The lecture is on Wednesday 21 March 2012 at 7pm in the Bridewell Hall, St Bride Foundation London EC4.

The price is a very reasonable £12.00 (concessions for Students and Friends of St Bride Library available). You can book at: http://bergatstbride.eventbrite.co.uk/

PS - just an extra little note from me - if you haven't seen it, these are the guys that have developed the "Little Printer" have a look (and do watch the video!): http://bergcloud.com/littleprinter/

Posted by Justin Hobson 24.02.2012

Thursday, 23 February 2012

Pretty Green

 There's a really good interview with Dave Uprichard on the new Principal Colour blog about the new 2012 look book for Liam Gallagher’s clothing brand Pretty Green.

It’s inspired by the British music scene of the 60s & 70s, the format is an LP size (that's 12” square!) with a black slipcase to echo a record sleeve - all produced on our Colorset Nero 270gsm with some lovely foiling.
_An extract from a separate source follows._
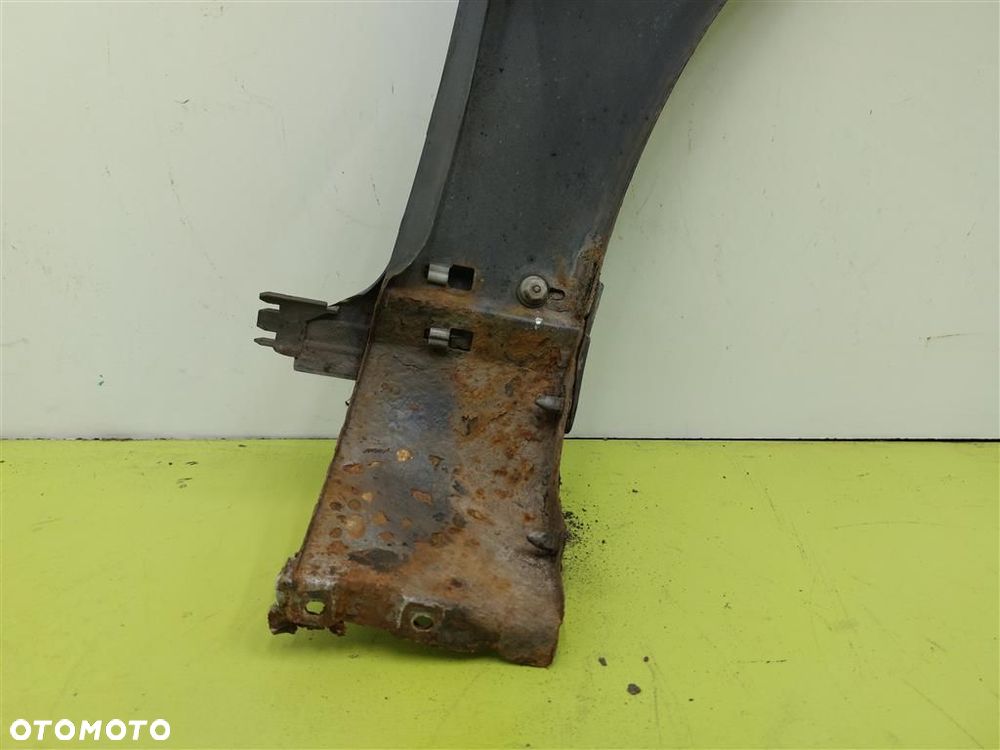 Błotnik przedni lewy Audi A4 B5 1995-2001 GRANATOWY - 3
There's no point in me re-writing Amelia Gregory's excellent interview with Dave, so please have a peek for yourself....

Posted by Justin Hobson 23.02.2012

Tuesday, 21 February 2012

Relish the Rib-Tone!

This is a lovely set of menu literature developed for "destination" restaurant, RELISH at the new Radisson Edwardian in Guildford.
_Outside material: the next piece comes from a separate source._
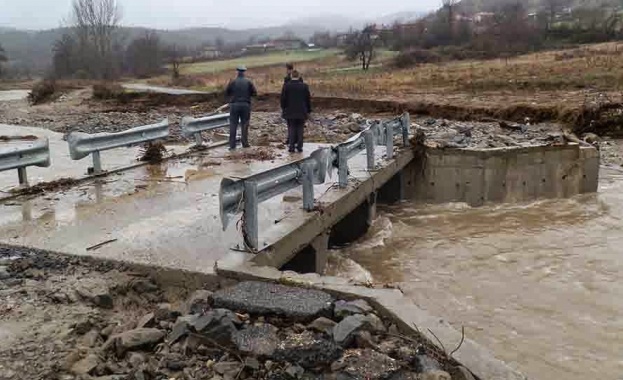 Кърджалийско село остана изолирано от света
Relish's ‘best of British' philosophy makes the most of their fresh produce. Ingredients are honest, of exceptional quality and always in season and the restaurant design, materials, layout and literature have been developed to reflect this.
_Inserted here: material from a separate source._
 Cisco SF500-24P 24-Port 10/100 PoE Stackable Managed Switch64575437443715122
Our Rib-Tone 2 sided 340gsm which has a natural brown shade and feint rib, was chosen to produce the menus, wine list, cards and bill holder wallets. The identity was printed in three colours, silver, black and a special brown. The wine list and menus are A4 size in a 4pp format, the cards are 85x55mm and the bill holder wallets are A5 portrait with a simple glued pocket.

Art direction for Relish is by Scott Wittman of the Gorgeous Group. The artwork production is by Suzanna Reed of Reedesigns.

Print was handled by Jason Maclaren at Cantate  ...and a couple of extra points worth noting about this project from a printing point of view:   The silver used in the image (wire around jar) is printed in high lustre base silver (www.color-logic.com) which has given an excellent, truly metallic result. The other thing is that the board has been sealed with an "Aquaseal" which is a watermissable triseal varnish, which although not making a noticeable difference to the surface of the paper, will offer some protection against fingermarking in the restaurant environment - good thinking!
...all in all, it's just the perfect choice of material.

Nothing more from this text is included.